With this Sorites series of side-by-side types of transwomen, people will tend to reach different conclusions depending on which end of the chain they start at. Those who start with the person who should clearly not be treated as a woman will be forced to accept that this takes them all the way back to the person who should, but they’ll be likely to accept that in order to reject the person who should not be treated as a woman, they have to reject all the others too. Those who start with the person who clearly should be treated as a woman will be forced to accept that this takes them all the way forward to the person who should not, but they’ll be likely to accept that in order to accept the person who should be treated as a woman, they’ll have to accept all the others too. Realizing that there’s a Sorites (or Sorites-like) series of transwomen helps to explain why people come to such different conclusions about transwomen’s inclusion as women.

The writer admits that the solutions people come up with (include the glitterbeards and anyone else who says they are women into the “woman” club versus come up with some criteria that must be met before they can be treated like a woman) will make folks uncomfortable. But just because it is hard to discuss this without feeling uncomfortable doesn’t mean it’s not worth discussing.

It is not surprising to me why guys who are secure in their “wokeness” are more likely to feel uncomfortable about discussing it. The easier stance to take when you have absolutely no skin in the game is the “no gatekeeping!” position. After all, it’s not your identity that is being told isn’t “real”. It’s someone else’s. If you don’t have to worry about what will happen if the doors to the woman category are flung open to anyone who wants in, then of course you won’t get why there’s opposition to it.

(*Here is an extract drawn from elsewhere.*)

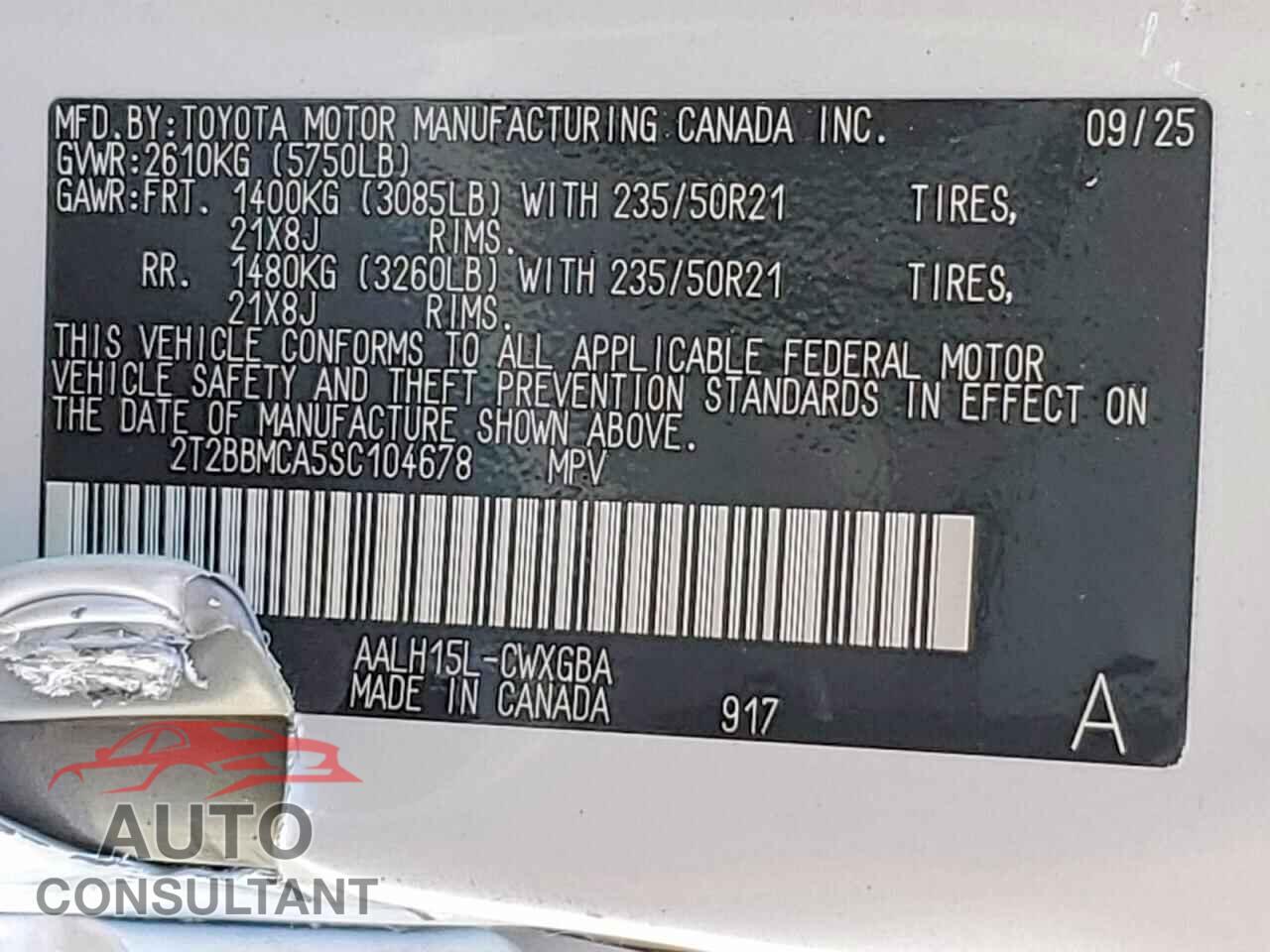 LEXUS UNKNOWN 2025 - 2T2BBMCA5SC104678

This is especially true if you have been programmed to believe that women aren’t trustworthy narrators of their own experiences and thus must provide irrefutable proof to back up their claims before they will believed. Women are always saying they are afraid. We wouldn’t get anything done if we established policies around their fears. So it’s the men’s job to tell women that their fears are making a big deal out of nothing.

I’m grateful to you that you haven’t fallen into that pattern.

This is one of my problems with the ‘a woman is anyone who feels like a woman’ definition.

I don’t fear men because they have a male gender identity, I fear them in as much as they are bigger and stronger than me, and more aggressive, and have been raised to objectify women and to expect to get what they want, and have a male sex drive and the parts that go with it. So why the heck should internal gender identity be the deciding factor when it comes to entering women’s spaces?